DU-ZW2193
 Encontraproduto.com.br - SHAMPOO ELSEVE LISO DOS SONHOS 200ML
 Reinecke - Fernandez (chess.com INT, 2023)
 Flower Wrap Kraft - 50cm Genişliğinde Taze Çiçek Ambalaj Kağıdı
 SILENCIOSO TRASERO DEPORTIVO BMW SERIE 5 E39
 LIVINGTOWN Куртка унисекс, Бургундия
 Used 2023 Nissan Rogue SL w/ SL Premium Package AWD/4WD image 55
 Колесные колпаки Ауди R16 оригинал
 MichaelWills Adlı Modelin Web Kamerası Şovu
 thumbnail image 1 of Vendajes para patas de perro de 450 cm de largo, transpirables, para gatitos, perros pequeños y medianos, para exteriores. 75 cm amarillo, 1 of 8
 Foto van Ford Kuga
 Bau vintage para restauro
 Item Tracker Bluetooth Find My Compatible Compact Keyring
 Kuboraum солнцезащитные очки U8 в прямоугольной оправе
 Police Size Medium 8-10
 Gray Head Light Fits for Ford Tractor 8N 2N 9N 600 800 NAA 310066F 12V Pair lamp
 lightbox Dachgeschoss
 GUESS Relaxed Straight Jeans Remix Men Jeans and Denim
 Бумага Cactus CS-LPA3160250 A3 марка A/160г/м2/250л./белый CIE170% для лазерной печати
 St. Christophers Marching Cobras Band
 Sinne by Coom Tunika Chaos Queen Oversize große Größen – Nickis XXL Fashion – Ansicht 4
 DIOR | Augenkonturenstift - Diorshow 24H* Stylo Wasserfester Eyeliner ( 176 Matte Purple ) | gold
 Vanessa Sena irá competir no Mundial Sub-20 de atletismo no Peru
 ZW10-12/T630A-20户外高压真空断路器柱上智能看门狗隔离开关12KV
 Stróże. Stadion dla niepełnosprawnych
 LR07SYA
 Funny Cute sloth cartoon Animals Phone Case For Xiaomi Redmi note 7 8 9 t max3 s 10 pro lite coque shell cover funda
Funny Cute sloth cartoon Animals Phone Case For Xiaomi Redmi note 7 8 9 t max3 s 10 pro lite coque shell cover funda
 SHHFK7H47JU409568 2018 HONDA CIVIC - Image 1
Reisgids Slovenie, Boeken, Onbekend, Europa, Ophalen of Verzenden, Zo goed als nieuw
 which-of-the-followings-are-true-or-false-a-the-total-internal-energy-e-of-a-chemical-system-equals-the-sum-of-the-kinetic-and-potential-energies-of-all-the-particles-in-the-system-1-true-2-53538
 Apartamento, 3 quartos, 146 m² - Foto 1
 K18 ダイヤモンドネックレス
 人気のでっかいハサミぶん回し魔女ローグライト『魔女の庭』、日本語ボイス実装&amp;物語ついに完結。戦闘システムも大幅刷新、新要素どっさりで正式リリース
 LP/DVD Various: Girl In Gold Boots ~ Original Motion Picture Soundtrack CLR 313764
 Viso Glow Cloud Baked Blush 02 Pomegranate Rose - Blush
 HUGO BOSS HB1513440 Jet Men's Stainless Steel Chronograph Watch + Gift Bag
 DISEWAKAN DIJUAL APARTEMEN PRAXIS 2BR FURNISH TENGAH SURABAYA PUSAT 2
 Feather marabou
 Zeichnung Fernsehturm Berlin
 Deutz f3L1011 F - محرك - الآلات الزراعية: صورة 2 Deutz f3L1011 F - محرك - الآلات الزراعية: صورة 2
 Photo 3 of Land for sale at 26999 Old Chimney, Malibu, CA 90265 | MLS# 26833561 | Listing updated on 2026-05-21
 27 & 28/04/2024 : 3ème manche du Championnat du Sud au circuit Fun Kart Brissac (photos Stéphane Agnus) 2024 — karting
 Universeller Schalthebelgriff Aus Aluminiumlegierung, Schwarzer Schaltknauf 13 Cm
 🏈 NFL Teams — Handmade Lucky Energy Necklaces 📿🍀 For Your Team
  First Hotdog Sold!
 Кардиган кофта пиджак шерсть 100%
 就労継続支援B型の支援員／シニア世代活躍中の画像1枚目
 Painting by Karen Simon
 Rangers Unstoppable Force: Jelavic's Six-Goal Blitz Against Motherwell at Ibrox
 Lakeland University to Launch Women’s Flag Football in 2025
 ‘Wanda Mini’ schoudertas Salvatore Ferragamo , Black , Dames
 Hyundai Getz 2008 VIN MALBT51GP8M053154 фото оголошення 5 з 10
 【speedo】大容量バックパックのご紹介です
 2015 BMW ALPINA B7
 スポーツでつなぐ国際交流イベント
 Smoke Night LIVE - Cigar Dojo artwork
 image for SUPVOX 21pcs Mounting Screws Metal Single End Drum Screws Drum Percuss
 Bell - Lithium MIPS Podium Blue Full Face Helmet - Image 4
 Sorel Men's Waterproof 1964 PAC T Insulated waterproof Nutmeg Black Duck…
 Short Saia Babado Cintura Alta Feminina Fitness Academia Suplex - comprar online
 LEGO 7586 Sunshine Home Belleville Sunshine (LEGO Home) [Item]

■ AIM OF THE TASK ■
For each line in the data above that contains the string "Phone", extract the line.

■ FINISHED TASK ■
 Funny Cute sloth cartoon Animals Phone Case For Xiaomi Redmi note 7 8 9 t max3 s 10 pro lite coque shell cover funda
Funny Cute sloth cartoon Animals Phone Case For Xiaomi Redmi note 7 8 9 t max3 s 10 pro lite coque shell cover funda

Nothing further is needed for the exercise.